Pada saat ini pelaksanaan fungsi perbankan terlihat dari pengaturan usaha bank yang ditetapkan dalam Undang-Undang Perbankan. Usaha bank yang dimaksud tidak bersifat limitatif melainkan enumeratif, sehingga memungkinkan hubungan antara bank dengan nasabahnya untuk melakukan perjanjian yang tidak bertentangan dengan undang-undang, kesusilaan, dan ketertiban umum. Dalam arti yuridis, fungsi perbankan sebagai penghimpun dan penyalur dana masyarakat merupakan esensi perjanjian yang meliputi 2 (dua) hal yaitu menghimpun dana dari masyarakat, disebut sebagai perjanjian simpanan, dan menyalurkan dana ke masyarakat, disebut sebagai perjanjian kredit bank. Perjanjian simpanan dan perjanjian kredit bank pada bank konvensional berbeda dengan perjanjian simpanan dan perjanjian pembiayaan pada bank syariah.
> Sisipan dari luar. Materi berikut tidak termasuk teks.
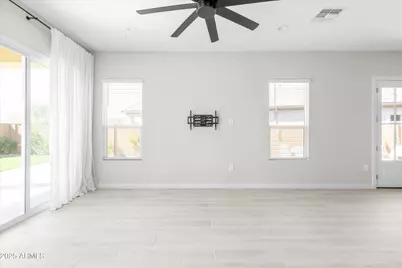 21425 N 59th Street, Phoenix, AZ 85054 - Photo 18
Perbedaan ini terletak pada filsafat yang dianut dari kedua sistem bank yang bersangkutan. Bank syariah tidak menggunakan sistem bunga, sedangkan bank konvensional memakai sistem bunga dalam kegiatan usahanya. Di samping itu, terdapat perbedaan pada aspek operasional, sosial, dan organisasinya. Sebenarnya istilah bank konvensional kurang tepat jika hendak dipersandingkan atau diperlawankan dengan bank syariah. Lebih tepat dipakai frase “bank non-syariah”. Seolah-olah bank konvensional itu kuno, kolot, dan tidak membawa perubahan. Kenyataan yuridis dalam ius constitutum, figur-figur hukum yang lahir dari produk bank non-syariah lebih besar frekuensinya dibandingkan dengan bank syariah. Kedua bentuk perjanjian tersebut akan dilihat dalam perspektif hukum perdata yang mencakup hukum perjanjian pada satu sisi dan hukum benda pada sisi lainnya khususnya hukum jaminan.